Como eu disse, eu achei Platinum End divertido – vou continuar comprando por um tempo -, mas é impossível para mim e para qualquer pessoa olhar o mangá e não achar que ele é muito fraco. Ele tem defeitos demais, muito mais além dos que foram citados neste texto. E, sinceramente, acho difícil que possa haver qualquer melhoria, pois não é a história em si o problema (afinal histórias chatas e arcos ruins podem melhorar com tempo) e sim o modo como ela é construída, é sua estrutura básica e nesse nível é praticamente sem conserto. É uma obra que infelizmente já se perdeu e não deve ter qualquer salvação.

  • A edição nacional e a plataforma de leitura

O trabalho da JBC no geral está muito bom. A adaptação da editora utiliza-se daquele padrão de sempre, deixando a leitura bem fluída e sem gargalos. A única coisa que chama a atenção é Nasse, um anjo, ser chamado de “a Nasse”, no feminino, não me pareceu uma escolha das melhores. Quanto à revisão de texto, não notei erros em nenhum dos dois volumes.
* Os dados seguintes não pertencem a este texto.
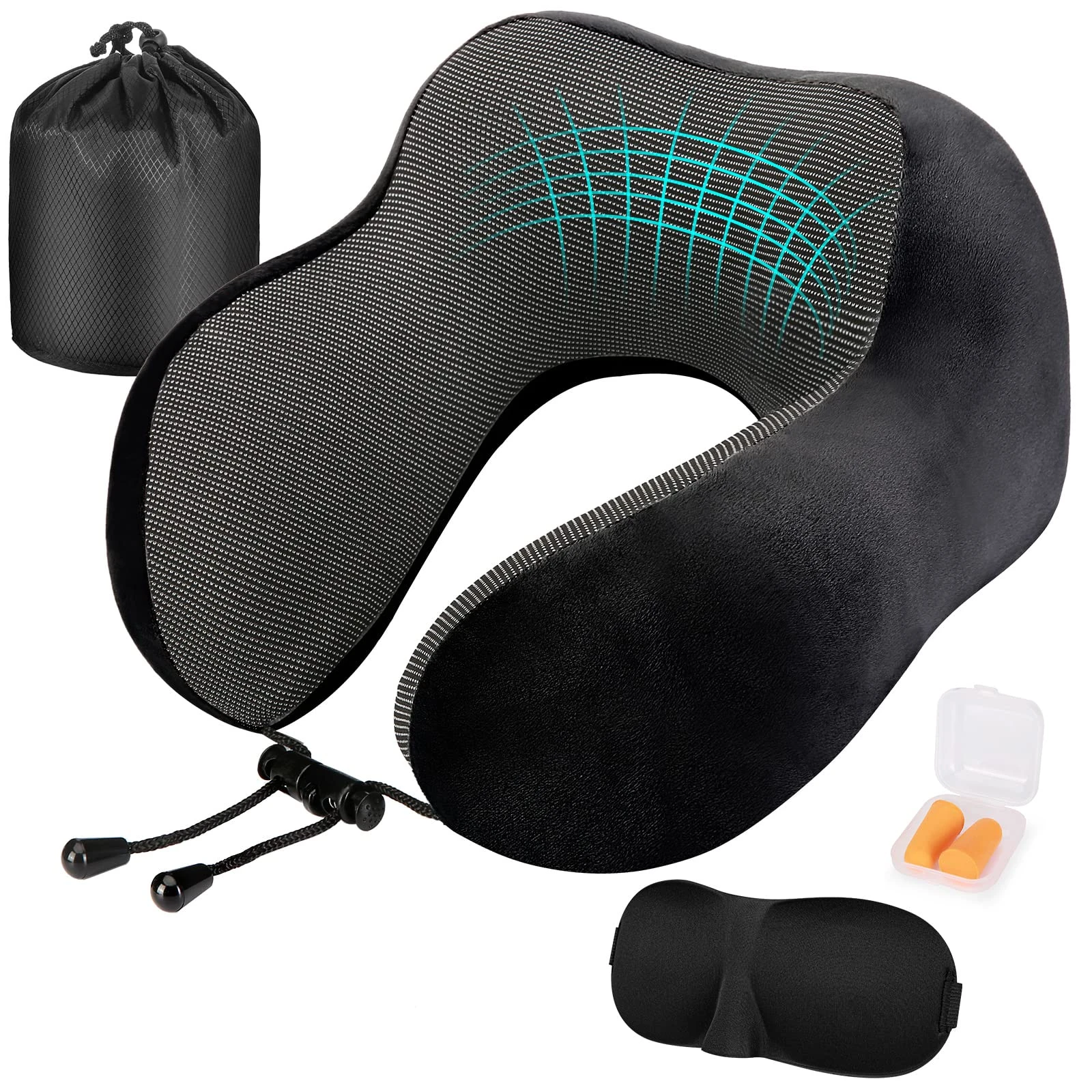 Eono Neck Pillow Memory Foam, Travel Pillow for Neck, Comfortable Neck and Head Support Pillow for Plane Cars Trains Office, Soft Flight Travel Cushion for Sleeping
Não temos como falar da edição física, pois só adquirimos a versão digital, mas vale um comentário acerca da plataforma de leitura. Embora eu goste de outros aplicativos de leitura, o Google Play Livros desponta como um dos melhores, entre outras coisas por simular a movimentação da página como se fosse um livro físico. É algo que faz muita diferença e ajuda na adaptação para essa nova mídia. Não quer dizer que comprarei todos os mangás digitais nessa plataforma, mas considerarei bastante :).

  • Conclusão

Platinum End tem problemas de desenvolvimento e de verossimilhança, defeitos e mais defeitos se acumulam a cada página e o mundo criado no mangá vai ficando cada vez mais estranho e sem sentido. Nenhuma obra de ficção que tenha esses problemas pode ser considerada boa.

Ainda assim, apesar dos diversos problemas de roteiro, o título ainda diverte. Porém só “divertir” não é o suficiente para se indicar uma obra que se quer fazer séria. Fosse um simples poço de clichês e que só diverte, eu falaria para comprar sem medo, mas tendo problemas de narrativa tão evidentes eu diria que só vale a pena comprar se você for muito fã da dupla Ohba e Obata ou se você for um consumidor novato, que não se importa com os problemas relatados. Do contrário, passe longe, pois não vale o dinheiro gasto.

  • Ficha Técnica

Título: Platinum End
Autor: Tsugumi Ohba; Takeshi Obata
Tradutor: Denis Kei Kimura
EditoraJBC
Número de volumes lançados no Japão: 9 (ainda em andamento)
Número de volumes lançados no Brasil até o momento: 2
Classificação indicativa: Não recomendado para menores de 18 anos
Preço da versão digital: R$ 12,90
Preço da versão física: R$ 15,90
Dimensões da ed. física: 13,2 x 20 cm
Miolo da ed. física: Papel jornal
Acabamento da ed. física: Capa cartonada
Onde comprarEd. Física / Ed. Digital

7 Comments

  • Ives Leocelso Silva Costa

    Assisti Death Note na adolescência e fiquei espantado com a genialidade do anime. Resolvi ler o mangá há uns 2 anos atrás e fiquei chocado com a quantidade de furos no roteiro e com a falta de sentido de inúmeras situações. O tempo faz essas coisas. Gostei mais de Bakuman, apesar da completa falta de realismo nos relacionamentos pessoais dos protagonistas. De Platninum End vou ficar longe.

  • Selaht

    Dá pra sacar que Platinum End é péssimo já no primeiro capítulo. Ainda tentei ler mais um pouco por adorar death note e bakuman, mas não consegui passar do segundo capítulo.

  • Xeronio

    Muito bom ver resenhas no BBM. Acesso todo o dia e sei do conhecimento gigantesco sobre mangás que vocês têm. Isso faz toda a diferença na hora de analisar um produto pois não é só uma opinião aleatória, é uma crítica bem embasada. Parabéns pessoal, sei que deve dar trabalho, mas valorizo muito as resenhas de vocês.

  • LeitorAssíduo

    Gostei bastante do texto, ainda não li esse mangá e foi ótimo ler uma resenha bem embasada sobre ele.

  • Starrk

    comecei a ler nos scans e parei, e olha que eu tenho um guilty pleasure por Battle royales rs, mas achei a obra pouco inspirada, e acho que é opinião universal que, tirando os traços isso não parece um trabalho da dupla que já fez tantas obras primas.

  • Alexandre K

    Kyon, daí pra frenten só piora, acredite se quiser. Não vale o seu tempo.